Ma se le teste “fiorite” dell’Arcimboldo sono ormai familiari al grande pubblico, realizzate per lo più proprio durante il suo soggiorno praghese, e utilizzate per la loro modernità anche dal linguaggio pubblicitario, pochi sanno forse che egli lavorò anche per il Duomo di Milano, dove ancor oggi resta testimonianza della sua attività artistica. Si tratta, in particolare, di alcune vetrate che Giuseppe ideò insieme al padre Biagio fra il 1549 e il 1557, agli inizi, cioè, della carriera del nostro pittore.
L’opera più interessante e completa realizzata per la cattedrale dai due Arcimboldi (e qui il plurale pare appropiato!) è la bella, smagliante vetrata con le storie di Santa Caterina d’Alessandria che nobilita il grande finestrone situato sopra la porta laterale del Duomo. Alla santa, in verità, era già stata dedicata una vetrata a metà del XV secolo, ma gli antelli purtroppo erano andati dispersi. La Fabbrica del Duomo, così, facendosi interprete di un diffuso culto popolare, volle rimediare a quella perdita affidando la nuova vetrata a un artista di provata esperienza, Biagio Arcimboldi, appunto, attivo nel cantiere della cattedrale fin dal 1518, che coinvolse quindi anche il figlio Giuseppe.
I disegni degli Arcimboldi vennero assai probabilmente trasposti in vetro da un maestro vetraio come Corrado de Mochis da Colonia, che seppe mantenere le caratteristiche peculiari dei due pittori milanesi, così affini tra loro – e non solo per sangue – ma anche così diversi nel modo di trattare il disegno e il colore. Biagio, infatti, si esprime con una narrativa più morbida, dagli accenti ancora luineschi e dai tratti classici e raffinati, seppur “mitigati” da una tavolozza morbida, quasi “vaporosa”. Giuseppe, invece, si riconosce per un disegno nervoso, sicuramente più originale, che trasmette grande vivacità alle figure, anche attraverso l’uso di colori più intensi. Opere che, se ancora lontane dalle “ghiribizzose” invenzioni della maturità del nostro pittore, rivelano già il suo sottile cerebralismo, la sua propensione per motivi fantastici e fortemente espressivi.
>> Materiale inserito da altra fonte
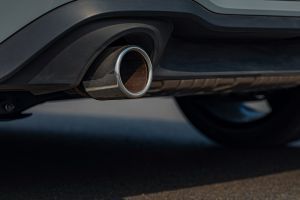 Exhaust tip Image of Golf GTI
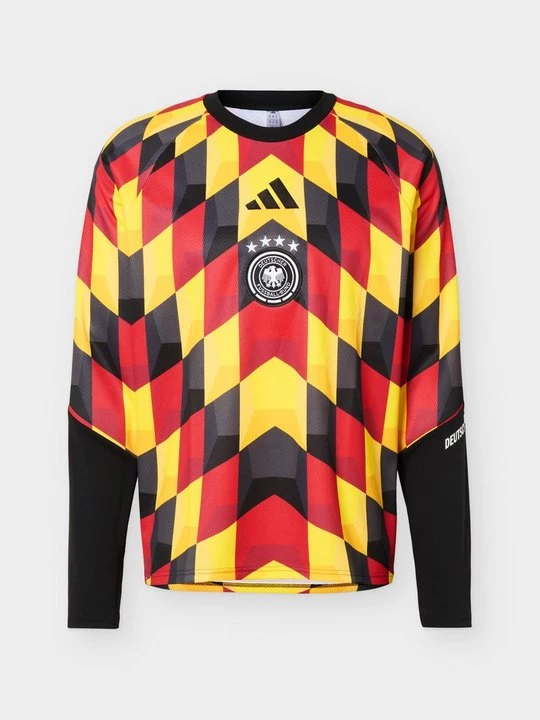 Foto van product Voetbalshirt - Land Adidas zwart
Purtroppo tutti gli altri lavori che Giuseppe Arcimboldo realizzò per il Duomo di Milano in quegli anni di febbrile attività sono andati perduti, e oggi non ne rimane traccia che negli archivi della Fabbrica. Sappiamo, così, che nel 1551 l’artista dipinse una «Vergine con la facciata del Duomo» presso l’adiacente corte ducale, mentre l’anno successivo eseguì un cartone di tema natalizio, un gonfalone con l’effigie di sant’Ambrogio e un’altra immagine mariana.
Nel febbraio del 1554, inoltre, l’Arcimboldo ricevette un pagamento per aver dipinto le ante dell’orfano appena terminato dall’Antegnati. E nei mesi successivi fu impegnato a decorare, sempre per conto della Veneranda Fabbrica, palchi e portici, insegne e apparati scenici in occasioni di solennità religiose: un’abilità, questa, che negli anni seguenti sarà particolarmente apprezzata proprio alla corte imperiale di Praga.